### Problem statement
All of the data should be reproduced word for word, though its pictures must be omitted.

### Provided material
####

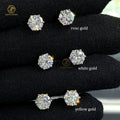 Minimalist S925 Sterling Shining Diamond Earring Luxury Moissanite Stud Earrings Jewelry With GRA Certificate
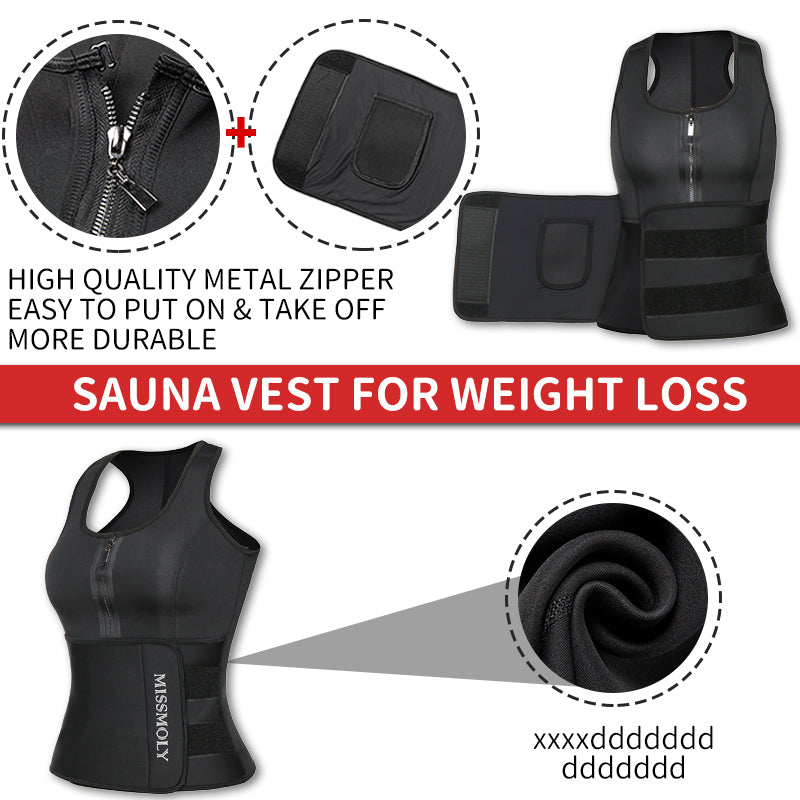 Buy Women Neoprene Waist Trainer Sweat Sauna Suit Waist Cincher online at Fashionner.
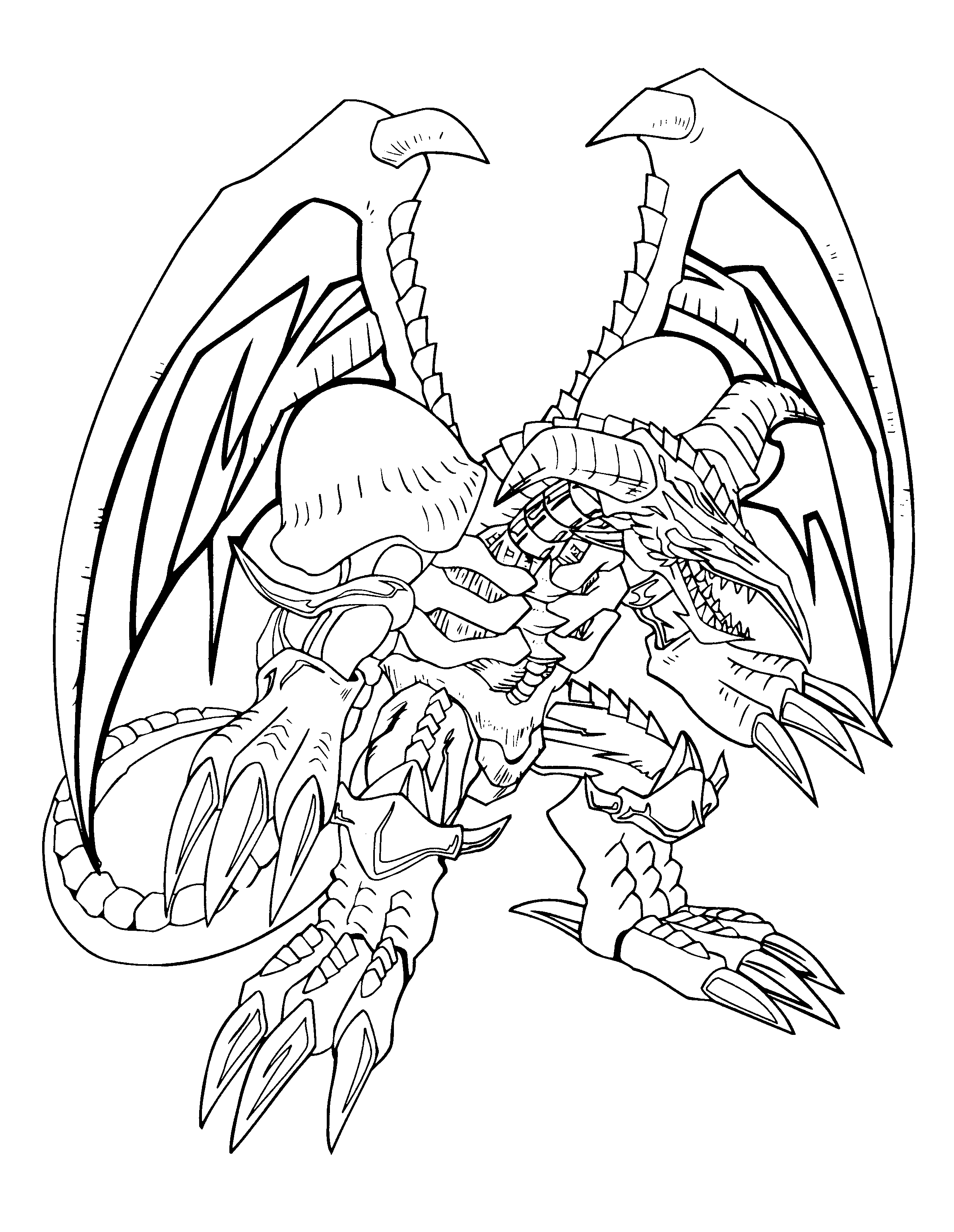 coloriage yu gi oh monstre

####

### Expected answer
 Minimalist S925 Sterling Shining Diamond Earring Luxury Moissanite Stud Earrings Jewelry With GRA Certificate
 Buy Women Neoprene Waist Trainer Sweat Sauna Suit Waist Cincher online at Fashionner.
 coloriage yu gi oh monstre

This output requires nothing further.